Posted: Friday, August 8, 2014 1:00 pm
After more than 30 years in the Tejano music industry, Tony Guerrero of La Sombra still vividly remembers who it was that made him fall in love with singing.
“As I was growing up, my mom sang — God rest her soul,” Tony said of his late mother, Maria Guerrero, who passed away in 2004. “She would sing to me when I was a little boy so much that I ended up learning the words to the songs that she would sing. Then when I would start singing with her, she would start harmonizing.”
She liked what Tony describes as being “puras canciones viejecitas” (“old songs”). One tune he remembers his mom singing quite often was “Te Vas Angel Mio.”
He was born in Las Prietas area of Brownsville, but he and his family moved to Aurora, Illinois when he was still in elementary school. In addition to the strong influence of his madre, he would also enjoy listening to his sisters — Maria Luisa and Felipa.
Tony got the urge to try out the trumpet and saxophone during his youth. He soon realized that they weren’t a right fit for him.
His older brother Cruz was involved in a group named La Coleccion Latina. They would practice in the Guerrero family basement, and leave their instruments there after they were done. Tony decided then that he was going to try his hands at the keyboard.
“I learned it all on my own,” he said.
He was 14 when he started singing and playing the keyboard on stage.
By the early 1980s, Tony was having a blast performing with three different bands in the Aurora and Chicago area. One of those groups was a four-piece ensemble that would come to be known as La Sombra.
“I originally started La Sombra from scratch,” Tony said. “With a cousin of mine, a nephew and a friend.”
Tony would chose to leave the other two bands behind and focus on his work with La Sombra after the release of Mi Guerita Coca-Cola (1984).
“La Sombra recorded that first record, and it blew up,” he said.
Some of the elements that Tony introduced to his style still stand out to this day. He thinks that having an interest in music outside of the Tejano genre helped him break out.
“To be honest with you, my passion for music when I first started was hip hop, R&B and rap,” Tony said. “I was in love with Michael Jackson. I wanted to be like Michael Jackson. I was always in the basement, trying to learn his moves.”
While he admits that he couldn’t quite master those elite moves, he still choreographed his own dancing routines.
Two of the best examples of Tony’s brand of music are “El Sancho” and “El Sapo.”
The “El Sancho” music video, which features all the band members and a man that looks like David Byrne in True Stories, is wild nostalgic trip. The comedic piece ends with a rap by Tony in which he warns men that if they don’t take care of their women, a sancho (lover) will come along to do so.
“El Sapo” is a goofy cumbia that starts off with frog ribbits. It remains one of La Sombra’s biggest hits.

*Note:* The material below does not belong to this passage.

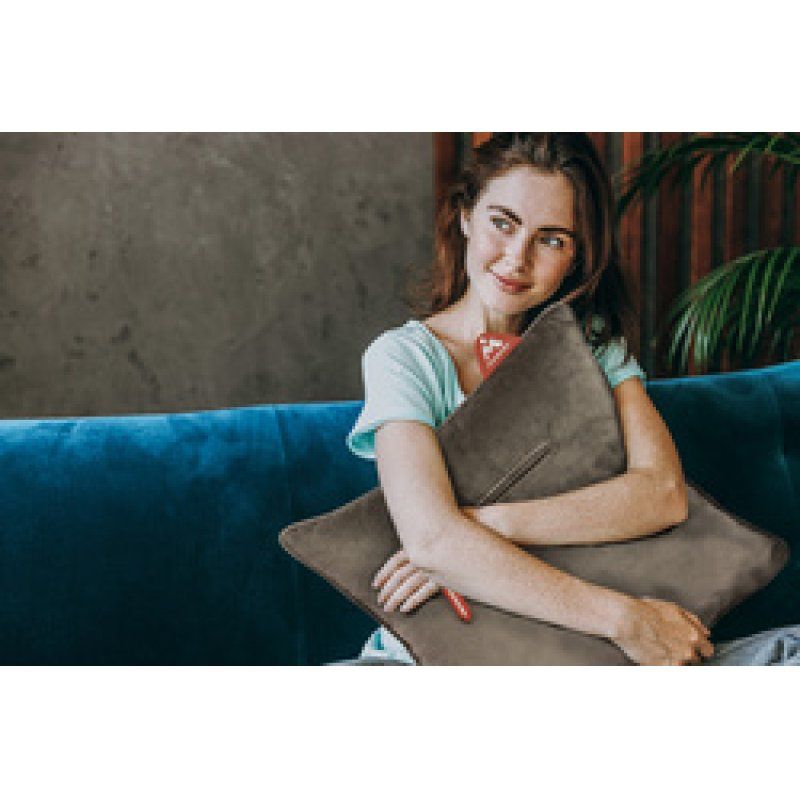 Montandor Coussin chauffant avec Heat Pad, velours, marron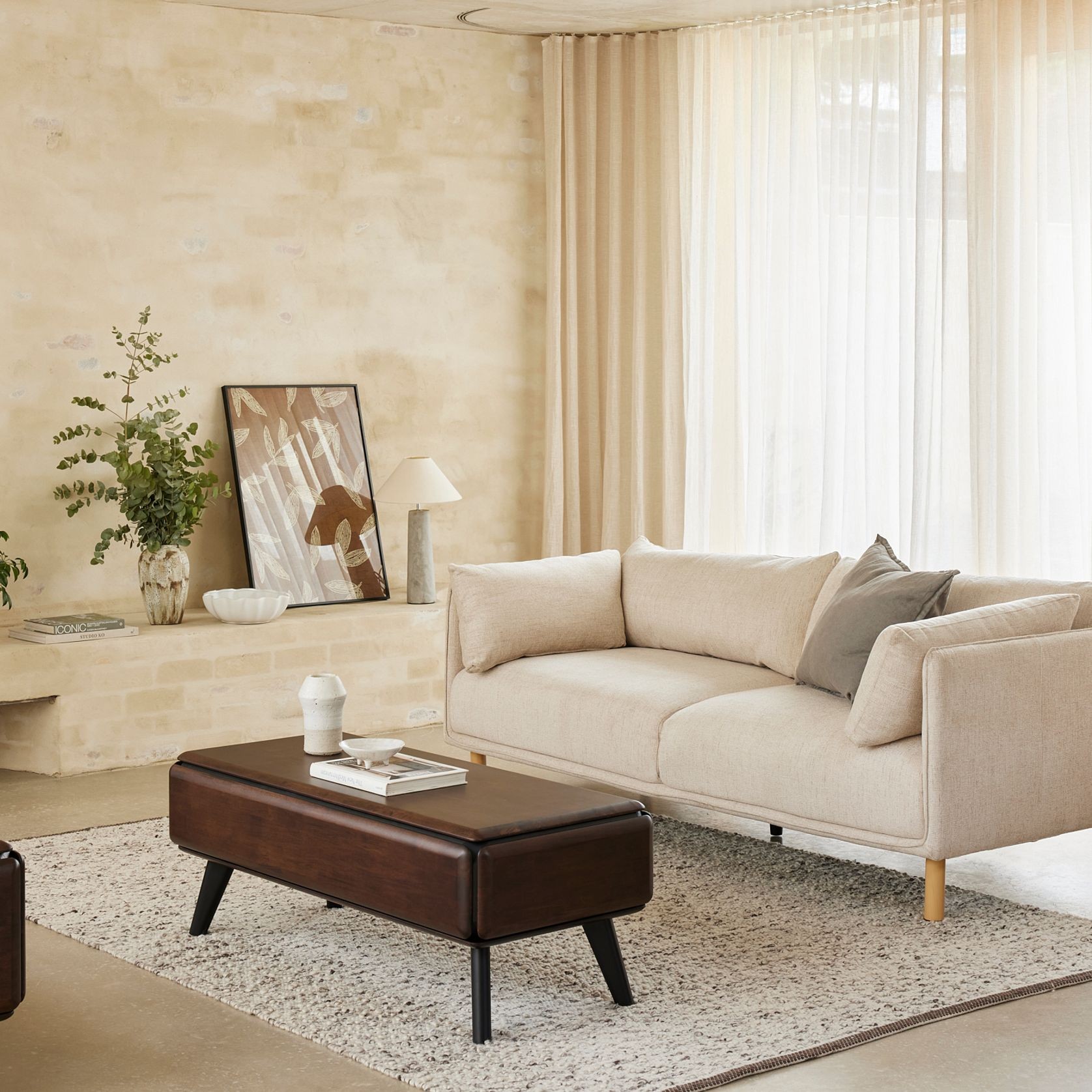Casa Hardwood Coffee Table | Arabica Walnut gallery detail image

“That song went gold and platinum,” Tony said. “It was a very big surprise for me. I liked the song, but at the same time it kind of freaked me out because I thought, ‘This is a song about a frog.’”
When looking back at his career, Tony likes to use the year 1984 as his starting point. That’s when he knew he was going to have a future, thanks to the success of his debut album.
While he has been influenced by many over the past 30 years, he still points to his mother as his key inspiration.
“I was like a mama’s boy,” Tony said. “I saw a lot of groups performing as I was growing up, but most of (my style) came from my mom.”